A decade after Tarzan left Africa to live in Victorian England as John Clayton III with his wife Jane, the couple are lured back to the Congo under false pretences by Leon Rom. A treacherous envoy of King Leopold, Rom plans to entrap Tarzan and deliver him to an old enemy in exchange for diamonds. But when Jane becomes a pawn in Rom’s devious doings, Tarzan must return to the jungle to save the woman he loves.

The $180million Warner Bros. Pictures production of The Legend Of Tarzan is based on the famous fictional character originally created by Edgar Rice Burroughs. The new movie is directed by David Yates, written by Adam Cozad and Craig Brewer and stars Alexander Skarsgård as Tarzan, Margot Robbie as Jane, with Christoph Waltz portraying their double-dealing nemesis Rom.

Principal photography began on June 30, 2014, at Warner Bros. Studios Leavesden, under the supervision of cinematographer Henry Braham BSC, and wrapped four months later on October 3rd. Amongst the sets on the backlot was a large working waterfall and a 100-foot-long collapsible pier. Inside the studios were entire jungles with climate effects. Making Africa and its jungles appear authentic was especially important, and Braham spent a further seven weeks after the Leavesden shoot in Gabon shooting background plates and landscapes.

“Tarzan is a very old property, since its inception by Burroughs in the early 1900s, and there was a great opportunity to tell the story with a contemporary perspective,” says Braham. “I was attracted to the project as it’s a great adventure, with real characters, expressive emotion and true passion. Along with the opportunity to work with David at the helm, the ambitious scale and scope of the movie was of great appeal. I really felt we could make a great looking movie.”

Braham says initial discussions with Yates about figuring out the visual ideas for the production were long, “because that’s often the hardest part of making any movie. The idea was to make an expressive, immersive movie using the counterpoint between intimacy on the one hand, and scale on the other, to create a dynamic, big-screen experience.”
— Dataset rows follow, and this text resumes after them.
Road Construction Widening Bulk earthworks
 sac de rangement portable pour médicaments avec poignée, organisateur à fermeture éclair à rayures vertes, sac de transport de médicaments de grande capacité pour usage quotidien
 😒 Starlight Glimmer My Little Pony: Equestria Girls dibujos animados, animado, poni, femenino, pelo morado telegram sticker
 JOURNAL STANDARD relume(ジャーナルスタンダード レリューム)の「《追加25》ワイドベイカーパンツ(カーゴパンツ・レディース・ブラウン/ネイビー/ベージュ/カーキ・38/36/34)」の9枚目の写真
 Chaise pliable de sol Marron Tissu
He continues. “This might sound obvious, but you have to understand our rationale. David is open to counter-intuitive thinking and we did not want to be reverent in our approach. We wanted the movie to be expressive in the way that the camera is inside the story, up close with the characters and their emotional journeys, rather than being outside, observational and marvelling at the landscapes. It had to be dynamic in the way that the camera moves and frames the action. And we wanted it to be cinematic in a way that made the jungle exciting, dark and dangerous – this sort of environment can look really dull and boring if you’re not careful.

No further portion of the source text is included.